▶ **Information supplied**
= Beginning of Section =

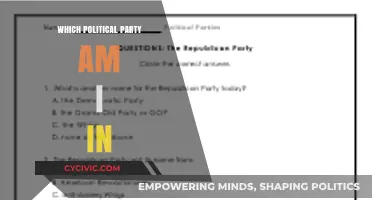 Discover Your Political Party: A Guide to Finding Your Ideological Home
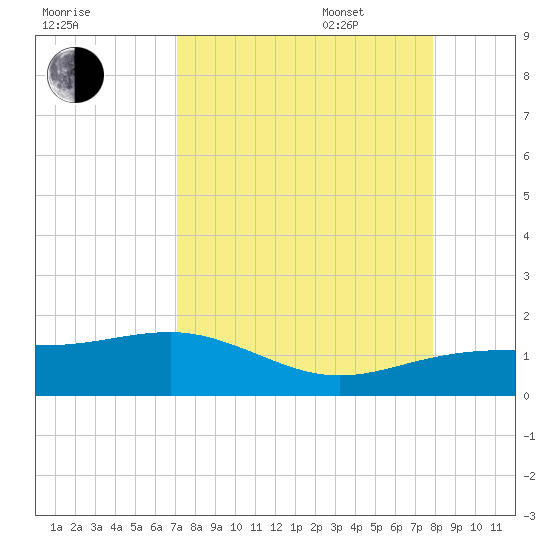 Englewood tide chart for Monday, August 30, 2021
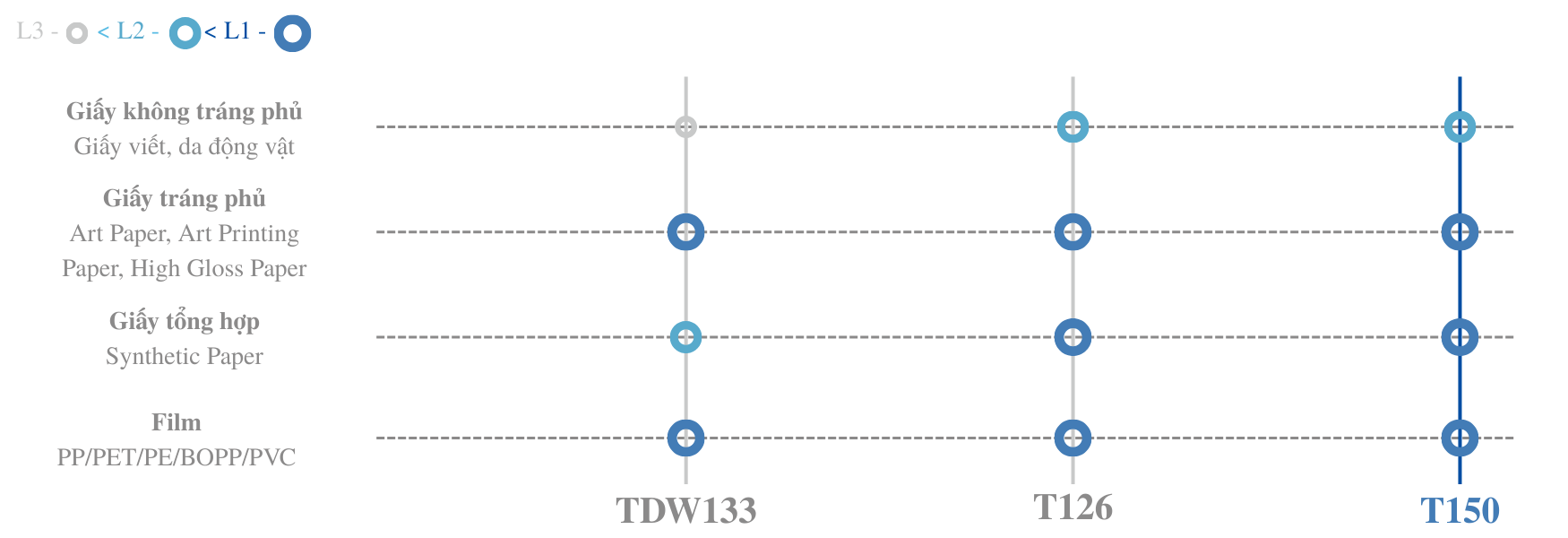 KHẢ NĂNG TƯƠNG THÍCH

= End of Section =

▶ **Task requirements**
Lines from the one holding "Englewood tide chart" to the end of the data, both ends included, are to be given again exactly; no pictures belong in the copy.

▶ **Response box**
 Englewood tide chart for Monday, August 30, 2021
 KHẢ NĂNG TƯƠNG THÍCH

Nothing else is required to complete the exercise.